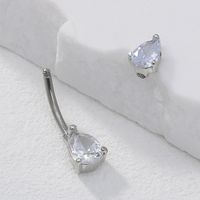 Simple Style Solid Color Stainless Steel Copper Inlay Zircon Belly Ring main image 4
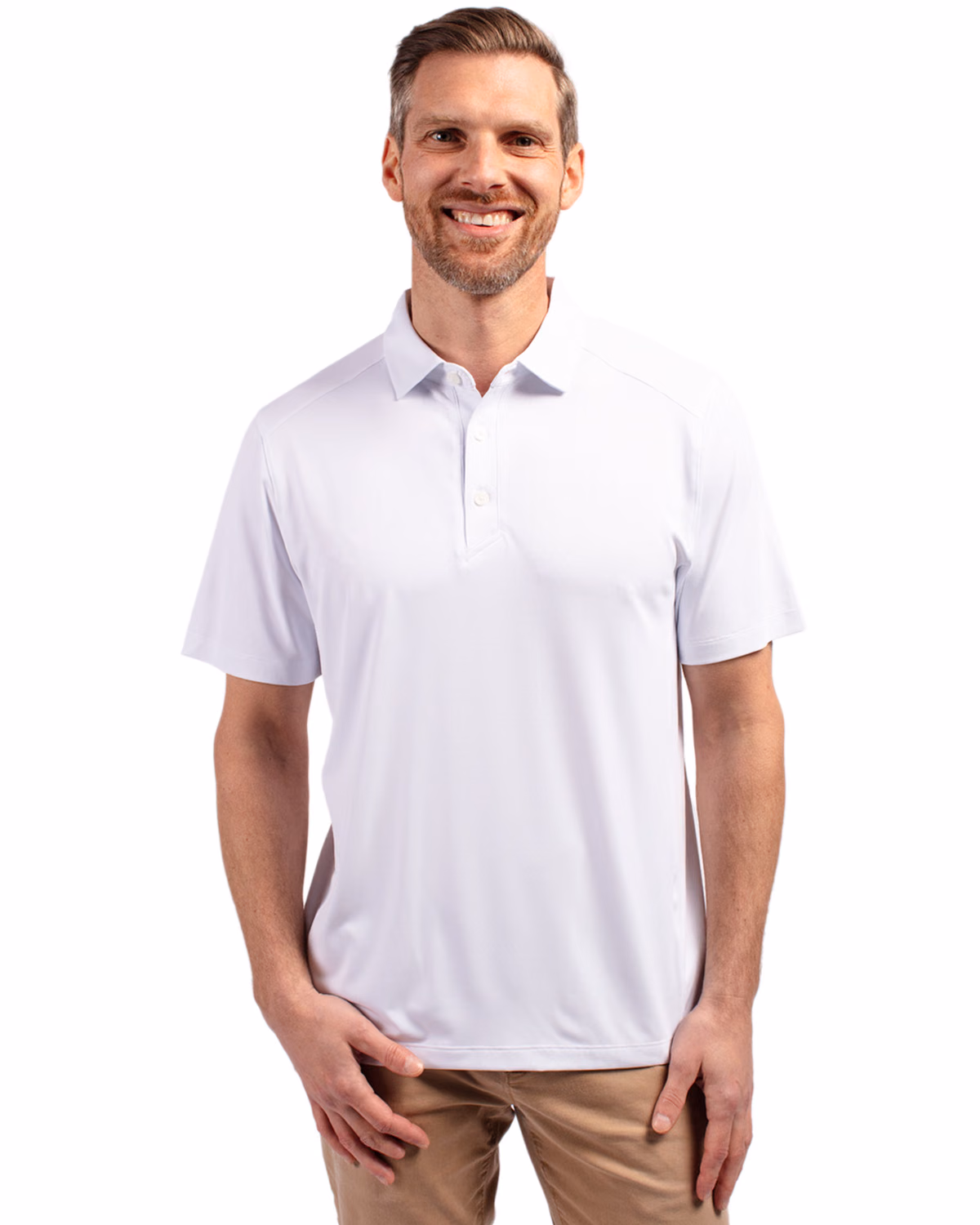 Custom Cutter & Buck Forge Recycled Four-Way Stretch Mens Polo — White front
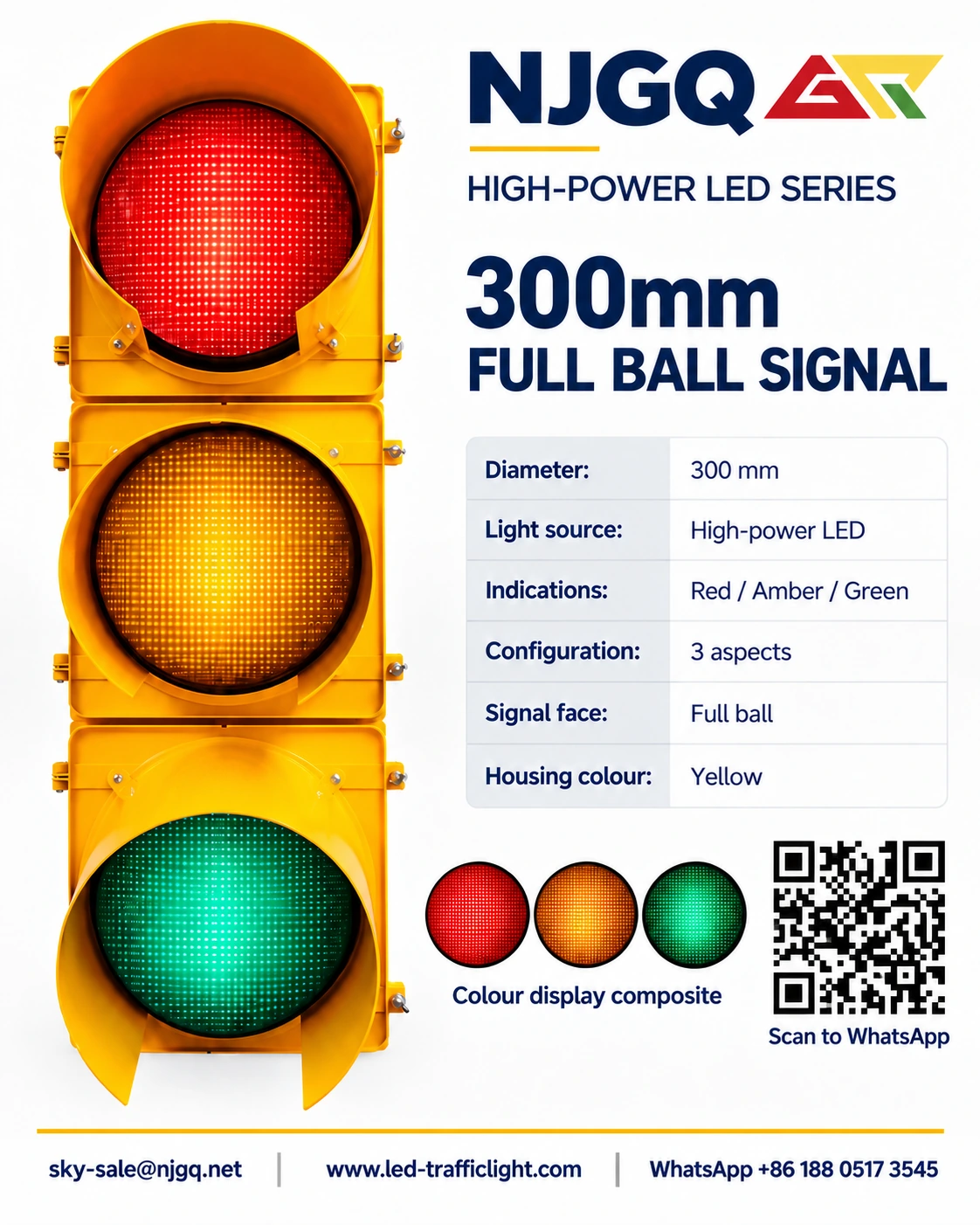 300mm high-power LED full ball signal yellow housing product poster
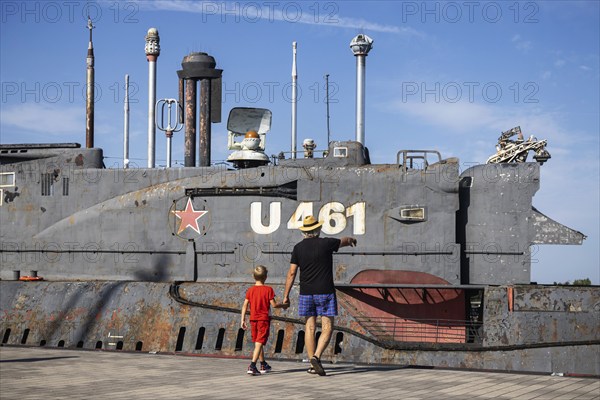 Submarine JULIETT U-461, former Russian submarine, tourist attraction in the Maritime Museum Peenemünde, Usedom Island, Mecklenburg-Western Pomerania, Germany, Europe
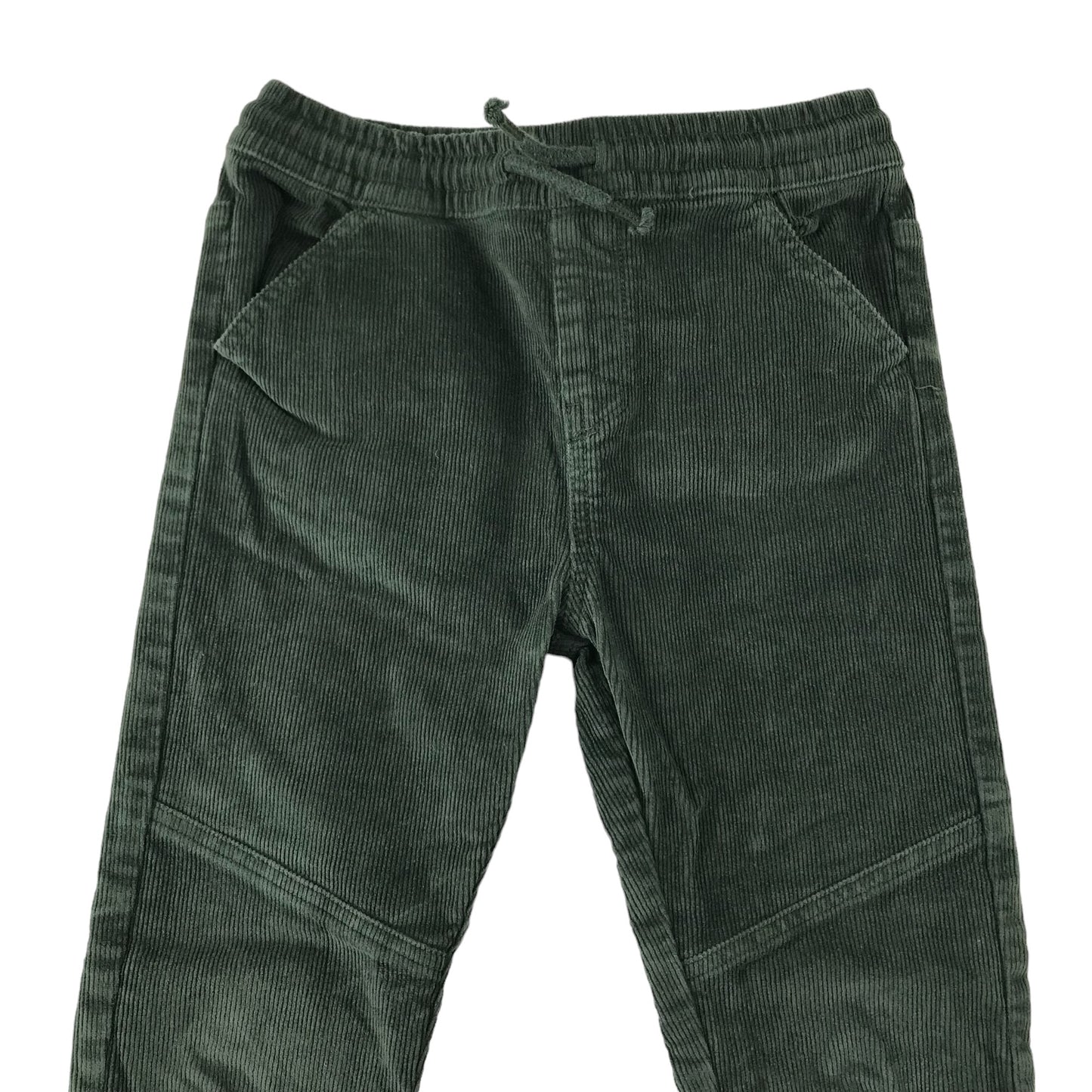 Tu trousers 6-7 years dark green plain corduroy pull on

##########

AIM OF THE EXERCISE — Reproduce the whole listing above character for character; pictures do not belong in it.

RESPONSE TO THE EXERCISE —
 Simple Style Solid Color Stainless Steel Copper Inlay Zircon Belly Ring main image 4
 Custom Cutter & Buck Forge Recycled Four-Way Stretch Mens Polo — White front
 300mm high-power LED full ball signal yellow housing product poster
 Submarine JULIETT U-461, former Russian submarine, tourist attraction in the Maritime Museum Peenemünde, Usedom Island, Mecklenburg-Western Pomerania, Germany, Europe
 Tu trousers 6-7 years dark green plain corduroy pull on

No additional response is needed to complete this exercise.